Are Your Arbitration Provisions Enforceable?

by Jason Cagle

January 24, 2023

It is common for construction contracts to contain provisions requiring the parties to submit any claims arising out of the contracts to arbitration. Courts tend to enforce such provisions vigorously. However, there are certain situations where courts will decline to enforce arbitration provisions. Three recent cases from the Texas courts illustrate some of these situations.
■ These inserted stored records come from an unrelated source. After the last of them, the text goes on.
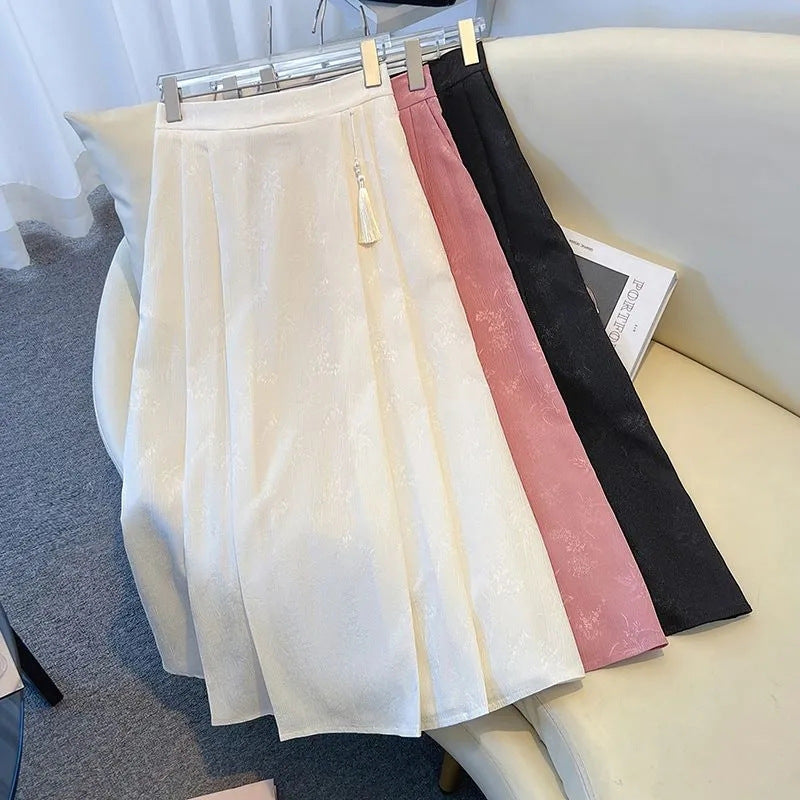 Damen Eleganter Midirock mit strukturiertem Stoff und fließendem Schnitt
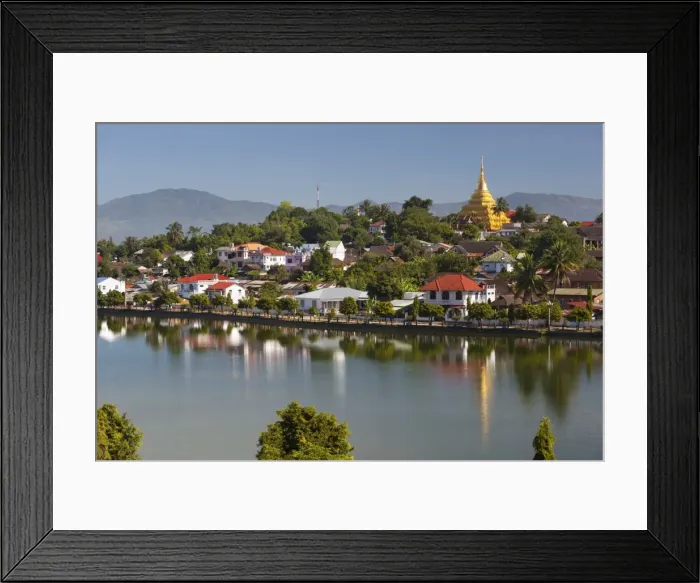 Framed Print : Wat Jong Kham and colonial era buildings on Naung Tung Lake, Kengtung, Shan State, Myanmar (Burma), Asia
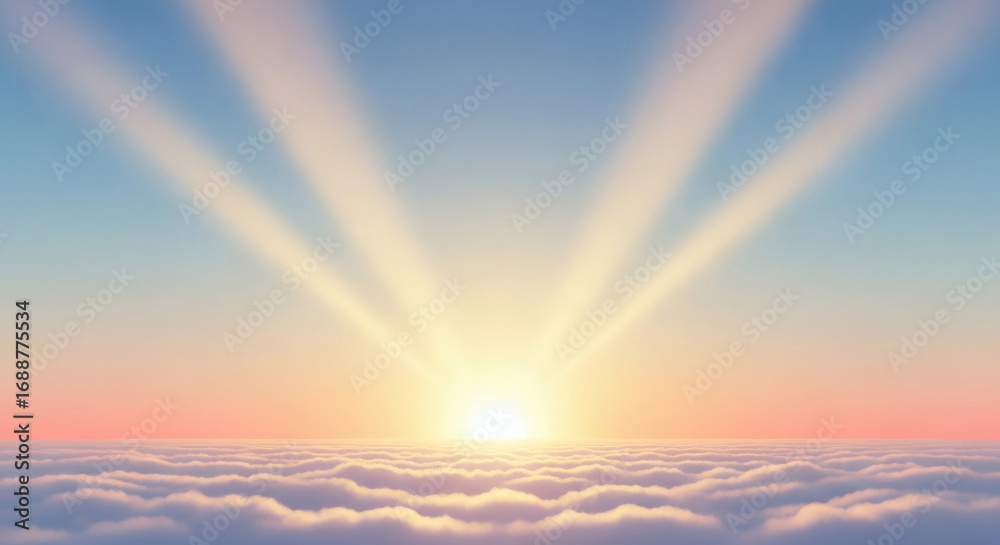 Fototapeta premium Sunrise Radiance Golden rays pierce through ethereal clouds, a heavenly glow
The first situation involves an unsuccessful attempt to enforce an arbitration provision against the employee of a subcontractor. V3 Constr. Co., LLC v. Butler, 2021 Tex. App. LEXIS 1152 (Tex. App.—Fort Worth Feb. 11, 2021, pet. denied). The general contractor hired a testing company to perform inspections on the jobsite. The parties’ subcontract contained a broad arbitration provision. While working on the jobsite, the testing company’s employee fell off a scaffold and was injured. The employee sued the contractor, claiming its negligence caused his injuries. The general contractor asked the court to compel the employee to submit his claims to arbitration. The court denied the request. Although the testing company signed the arbitration agreement, its employee had not. There are ways in which non-signatories to an arbitration agreement can be compelled to arbitrate, but they did not apply to the employee’s personal-injury claims. For example, the employee’s claims were not based on a right under the subcontract, but rather the contractor’s alleged failure to maintain a safe jobsite under common law. The take-away from this case is that arbitration provisions might not be enforceable against individuals that did not sign the agreement, even if they work for companies that did sign the agreement. It is important to have other measures in place to reduce the risk of liability for such claims, such as obtaining liability insurance.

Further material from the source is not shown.